第6話 はじめまして
目を覚ますと、薄暗い、見知らぬ壁が目に入った。ぼーっとする頭でここはどこかと視界を巡らそうとして、体がうまく動かないことに気がついた。
「ドラコ…」
声に出たかどうかもわからないものだったが、ぴょんとドラコが顔の前に現れた。嬉しそうにナハトの頬を舐めてくるのに安心して、ナハトはまた眠りについた。
深い眠りと浅い眠りを交互に繰り返し、やっとはっきり目を覚ました時には、ナハトはとてもとても小さな部屋の中にいた。いや、部屋というほどの広さもない、人1人が寝るのにギリギリのスペースしかない、背の高い箱の中のようだった。
「…ここは…?…いっ!」
体を起こすと、背中と左手に鋭い痛みが走った。痛みを堪えながら体を検めると、そこかしこに包帯が巻かれ、着た覚えのない大きなポンチョのような服を着ていた。
「起きたの?」
突然声が聞こえて、扉が開かれた。扉の向こうは眩しく、ナハトは眩んだ目を庇うように左手を上げた。
その時。
「ギュー!!!」
「わぷっ!」
何かが顔に飛びついて来た。今度はわかる、これはドラコである。顔面に絡みつかれ全力ですりすりされて、また心配させてしまったと反省する。
「ごめんね、ドラコ。もう大丈夫だよ」
そう言ったつもりが、長く声を出していなかったのか、掠れた息が出ただけだった。
「あ、あの…これ!」
差し出されたそれを反射的に受け取ると、透明な入れ物に並々と水が入っていた。器の綺麗さに驚いていると、怪しんでいると見られたのか、ただの水だと言う声が降ってきた。
「ギュー!!!」
飲めと言うようにペシペシ頬を叩かれ、ナハトは恐る恐る水に口をつけた。するとよほど喉が渇いていたのか、少し甘みを感じる水はするすると喉を落ちていき、一杯の水とは思えないほど満たされた気分になった。

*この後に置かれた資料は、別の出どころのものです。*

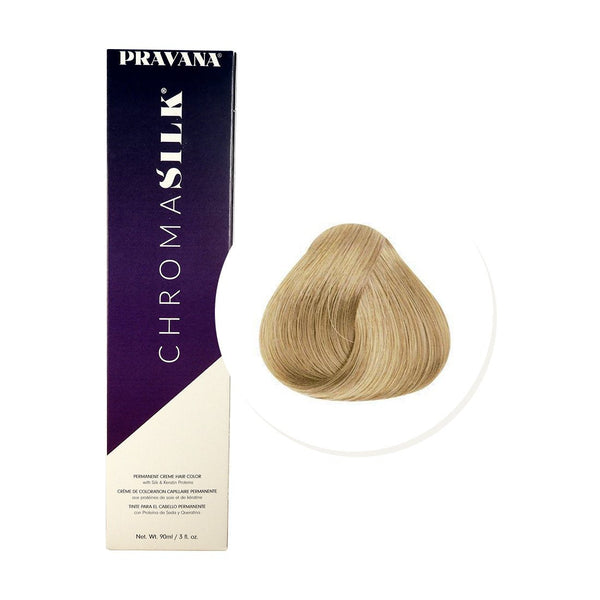 Pravana Tinte ChromaSilk 10 Rubio Extra Claro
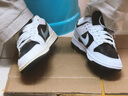 Jordan緩震休閑鞋男女喬丹AJ1 Jordan1運(yùn)動(dòng)鞋 DC0774-001黑綠/黑白38.5 曬單實(shí)拍圖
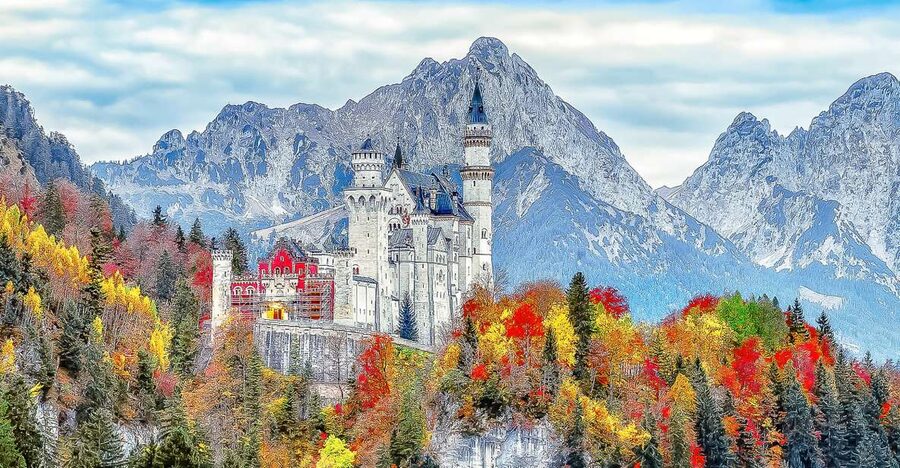 From Munich: Neuschwanstein Castle Full-Day Trip - Pace and timing: what you can expect during the full 10 hours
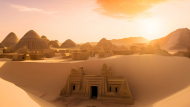 Hallazgo sin precedentes: inteligencia artificial detecta una civilización oculta por 5,000 años en el desierto más grande del mundo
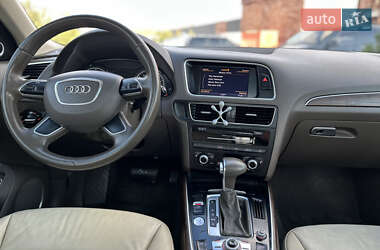 Внедорожник / Кроссовер Audi Q5 2014 в 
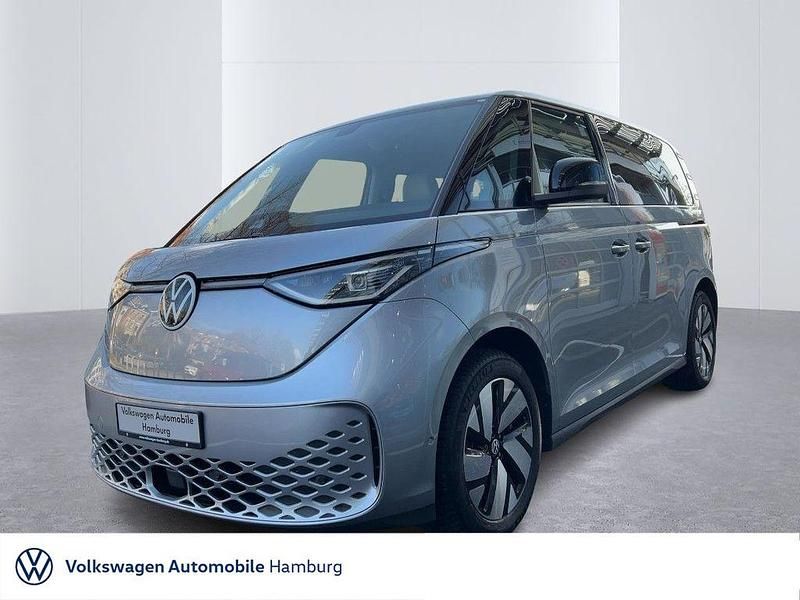 Gebraucht VW ID. Buzz Pro 150 kW (204 PS) 2023 Monosilber metallic Van / Kleinbus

顔を上げると、水を差し出した人物は、逃げるように扉の前から消えた。顔に張り付いたドラコを撫でながら、少し身を乗り出して扉の向こうを見回す。
そこはリビングと寝室が一つになった部屋のようだった。部屋の中心には柱があり、それを囲むように机と椅子が数脚、窓際には大きなベッドがある。ぐるりと部屋を見回すと、視界の端に真っ白い大きな毛玉のような生き物がいることに気がついた。
「えっ…」
毛玉だと思ったそれは、長く伸びた髪に覆われた獣人だった。手足をモジモジさせているが、先日ナハトを襲った獣人と同じくらいの大きさである。長い毛で覆われて顔が一切見えないし敵意も感じないが、獣人であることには間違いない。
「よ、良かったね…?」
かけられた言葉に驚いて、自分を見て、部屋を見て、ドラコを見て。ナハトは気づいた。
「…ひょっとして、あなたが私を助けてくれた…のですか?」
「ギュー!」
「そ、そうか…。ありがとうございます、見知らぬかた」
「あっ、いえ…」
微妙な沈黙が流れる。いろいろ聞きたいことがあるのだが、家主であろう獣人はモジモジしたままこちらを伺っている。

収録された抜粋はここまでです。